* [What you need to do] Repeat exactly the lines below from the line that contains "Dmpt Fish Attractant" to the last line, inclusive, without the pictures.

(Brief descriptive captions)
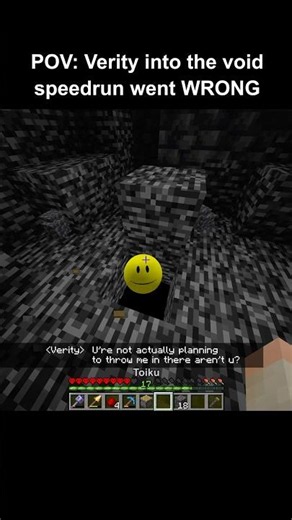 #memeanimation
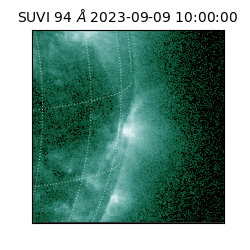 suvi - 2023-09-09T10:00:00.962000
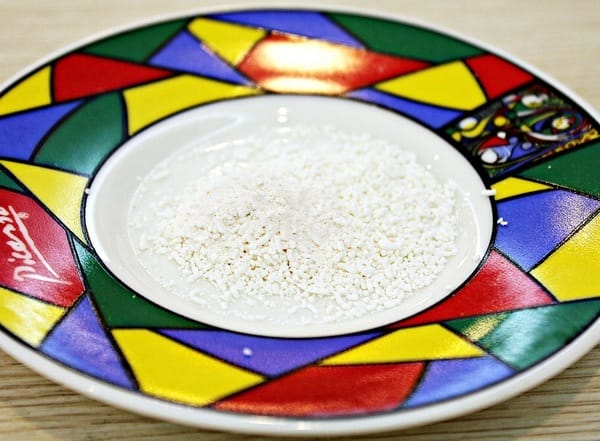 鈺女王 - 女王の益生菌:【鈺女王】女王の益生菌。幫助消化順暢。改善腸道菌叢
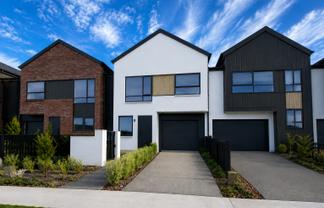 67 Musselwhite Terrace, Chartwell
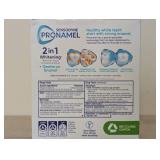 Sensodyne Pronamel Gentle Whitening Advanced Toothpaste, 6.5 Ounce (Pack of 4)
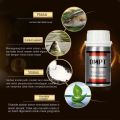 Dmpt Fish Attractant Additive Powder Bait Additive Fish Attractant Outdoor Fishing Accessories Umpan Casting. 
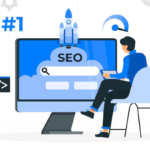 SEO Is Essential for Business Growth in 2025
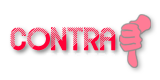 :contra:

* [Response area]
 Dmpt Fish Attractant Additive Powder Bait Additive Fish Attractant Outdoor Fishing Accessories Umpan Casting. 
 SEO Is Essential for Business Growth in 2025
 :contra:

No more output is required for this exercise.